*** Exercise data ***

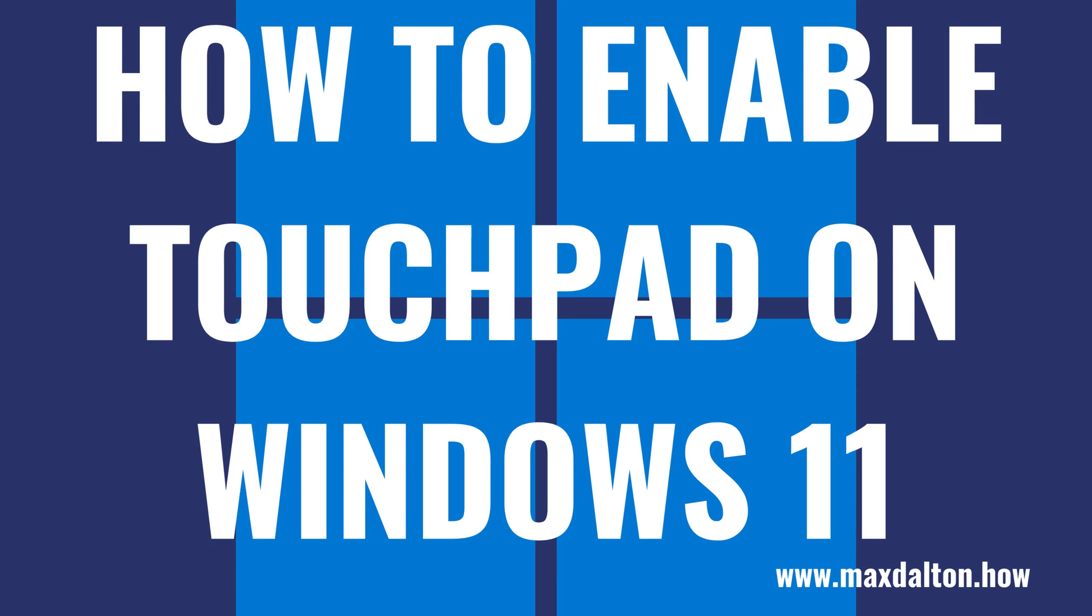What's up, everyone. I'm Max Dalton, and in this video I'll show you how to enable the touchpad on your Windows 11 computer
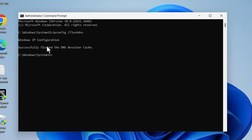Windows IP configuration successfully flushed the DNS resolver cache. Now you need to type netsh.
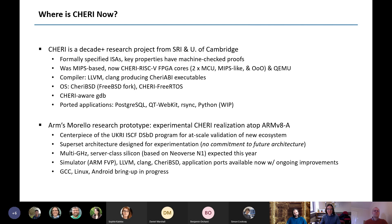Where is CHERI now? It's a decade-plus research project from SRI and the University of Cambridge. The ISAs are formally specified with key properties having machine-checked proofs. It was originally based on MIPS but is now much more focused on RISC-V. There are various FPGA cores and a QEMU implementation. We use LLVM and Clang for most compilation work. We have a fork of FreeBSD called CheriBSD that runs completely pure capability, and also a FreeRTOS fork, GDB, and substantial applications ported including PostgreSQL, Qt, WebKit, rsync, and Python in progress.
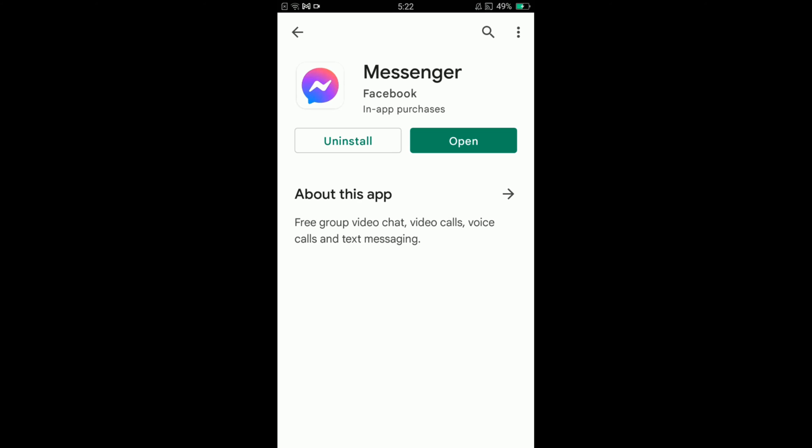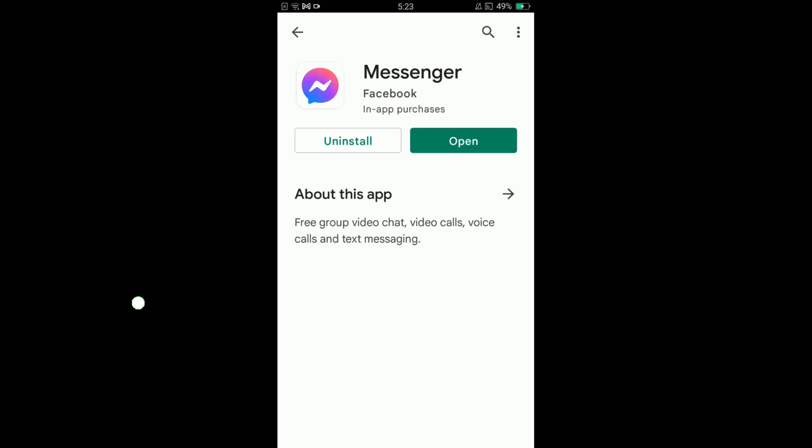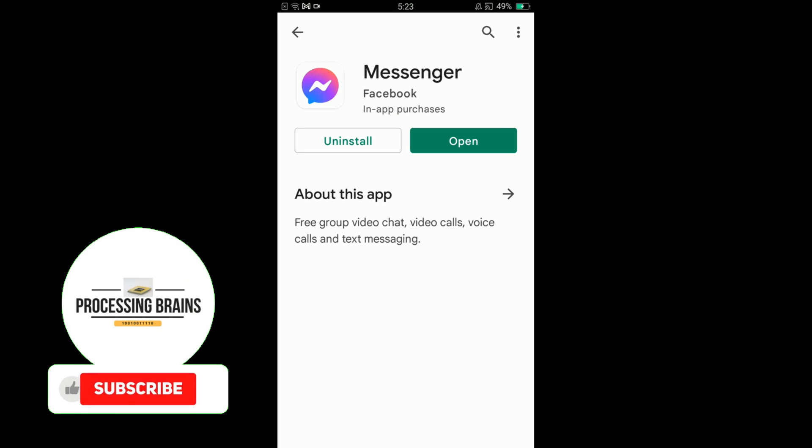second one says Open. Currently my Facebook Messenger application is updated. If your application is not updated, you can see the option of Update button at the place of Open. So tap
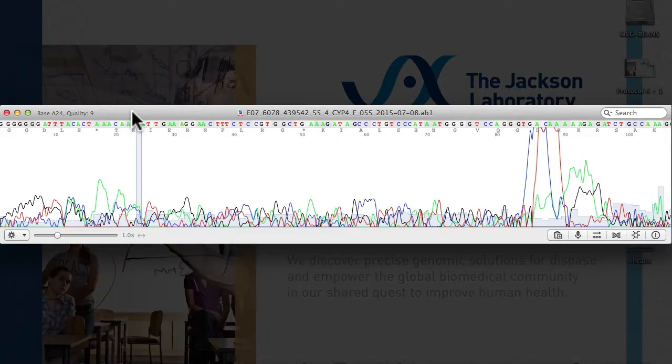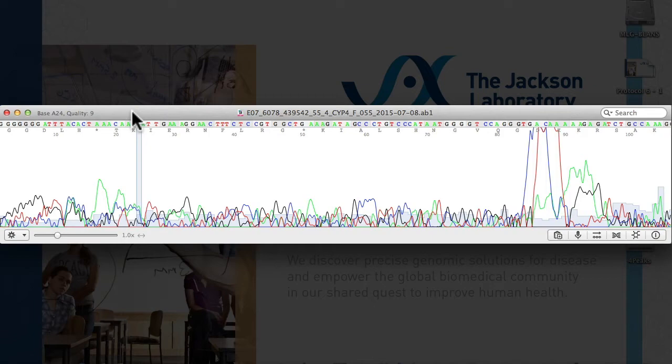When you open the file, there's a lot going on visually. Remember, this data represents the detection of fragments differing by one base pair in size during the process of a PCR reaction that includes dideoxynucleotides. The line traces represent fluorescence levels of the tagged dideoxynucleotides as they migrate through the sequencing machine. The length of time that it takes to migrate through the capillary gel matrix corresponds with the length of the amplified fragment.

*** End of Exercise data ***

### [Required action]
Copy the lines above exactly. Do not include pictures.

### [Exercise response]
What's up, everyone. I'm Max Dalton, and in this video I'll show you how to enable the touchpad on your Windows 11 computer
Windows IP configuration successfully flushed the DNS resolver cache. Now you need to type netsh.
Where is CHERI now? It's a decade-plus research project from SRI and the University of Cambridge. The ISAs are formally specified with key properties having machine-checked proofs. It was originally based on MIPS but is now much more focused on RISC-V. There are various FPGA cores and a QEMU implementation. We use LLVM and Clang for most compilation work. We have a fork of FreeBSD called CheriBSD that runs completely pure capability, and also a FreeRTOS fork, GDB, and substantial applications ported including PostgreSQL, Qt, WebKit, rsync, and Python in progress.
second one says Open. Currently my Facebook Messenger application is updated. If your application is not updated, you can see the option of Update button at the place of Open. So tap
When you open the file, there's a lot going on visually. Remember, this data represents the detection of fragments differing by one base pair in size during the process of a PCR reaction that includes dideoxynucleotides. The line traces represent fluorescence levels of the tagged dideoxynucleotides as they migrate through the sequencing machine. The length of time that it takes to migrate through the capillary gel matrix corresponds with the length of the amplified fragment.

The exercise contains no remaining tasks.